■ Requirement:
Please repeat, exactly and without pictures, the lines of the entries below that run from the one containing "렛츠런 CCC는 경마장에" through the one containing "Über der Eingangstür".

■ Data:
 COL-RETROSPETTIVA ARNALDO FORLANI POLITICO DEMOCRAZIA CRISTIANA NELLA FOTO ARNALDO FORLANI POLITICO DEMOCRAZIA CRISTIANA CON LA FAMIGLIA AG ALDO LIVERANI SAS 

...

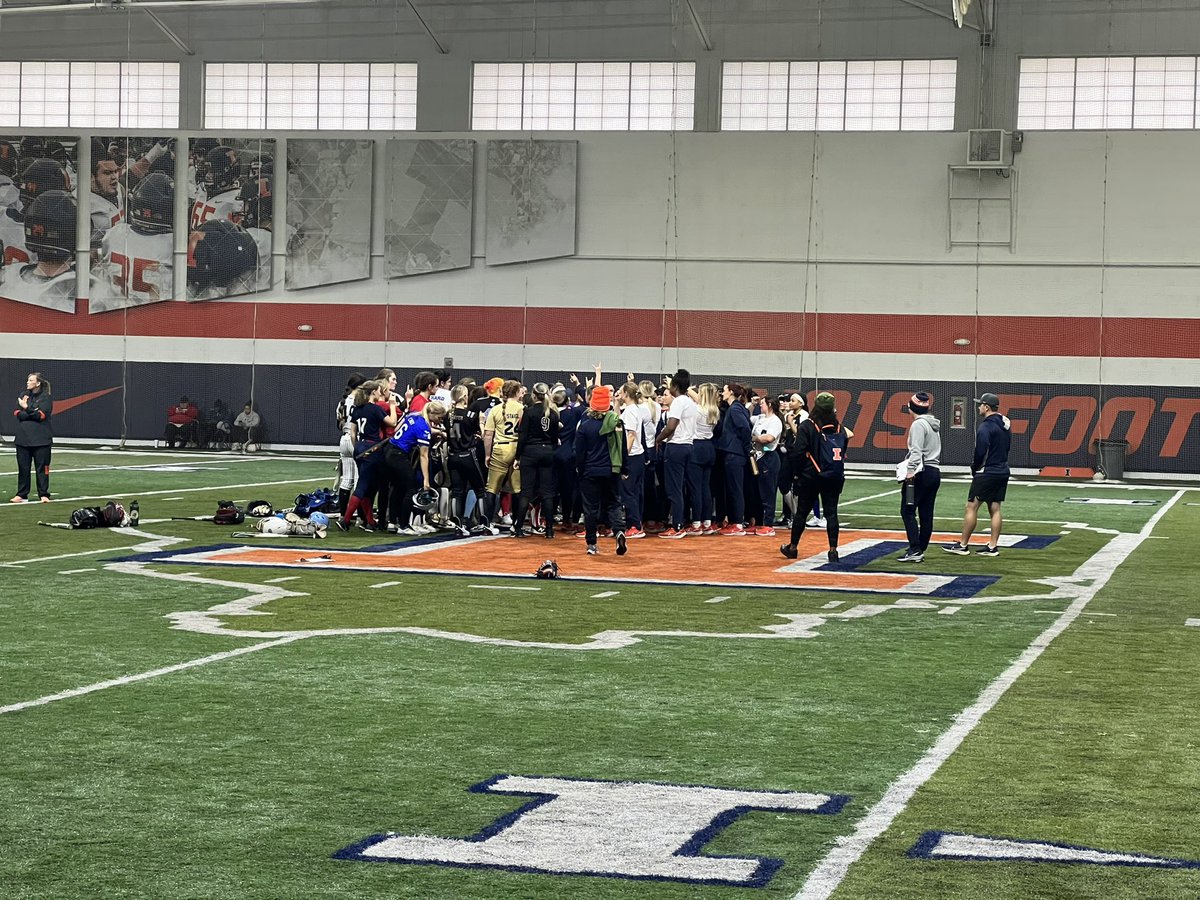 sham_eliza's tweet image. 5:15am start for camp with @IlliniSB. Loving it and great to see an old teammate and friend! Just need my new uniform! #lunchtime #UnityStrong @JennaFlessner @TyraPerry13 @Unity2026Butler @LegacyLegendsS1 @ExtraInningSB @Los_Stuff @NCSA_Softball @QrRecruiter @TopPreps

--

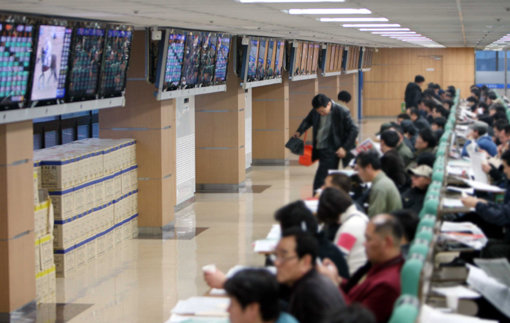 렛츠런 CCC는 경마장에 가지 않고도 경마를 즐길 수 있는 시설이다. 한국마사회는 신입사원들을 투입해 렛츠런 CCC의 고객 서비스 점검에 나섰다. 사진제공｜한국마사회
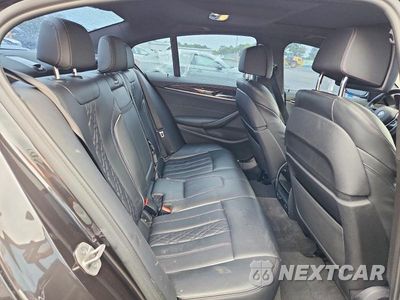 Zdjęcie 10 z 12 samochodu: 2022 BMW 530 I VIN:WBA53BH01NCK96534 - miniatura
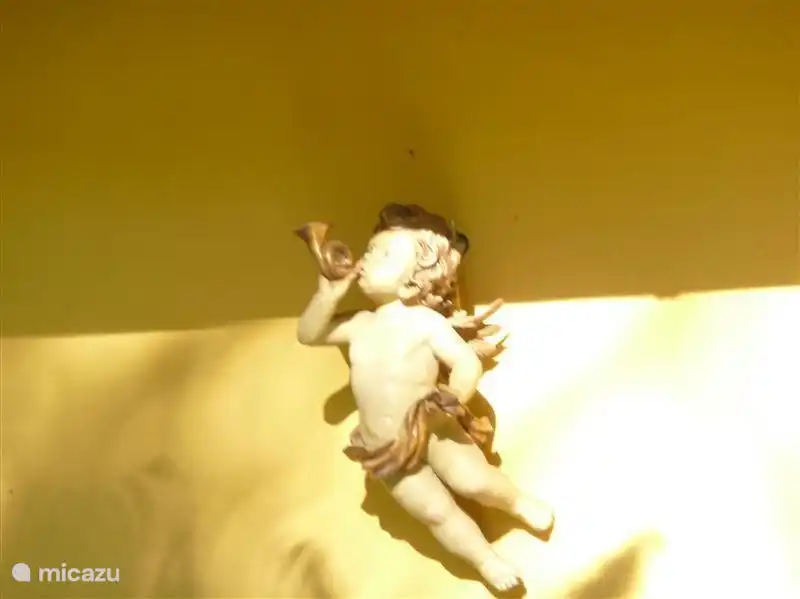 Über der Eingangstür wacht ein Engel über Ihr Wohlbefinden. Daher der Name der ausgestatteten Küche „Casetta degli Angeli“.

■ Solved exercise:
 렛츠런 CCC는 경마장에 가지 않고도 경마를 즐길 수 있는 시설이다. 한국마사회는 신입사원들을 투입해 렛츠런 CCC의 고객 서비스 점검에 나섰다. 사진제공｜한국마사회
 Zdjęcie 10 z 12 samochodu: 2022 BMW 530 I VIN:WBA53BH01NCK96534 - miniatura
 Über der Eingangstür wacht ein Engel über Ihr Wohlbefinden. Daher der Name der ausgestatteten Küche „Casetta degli Angeli“.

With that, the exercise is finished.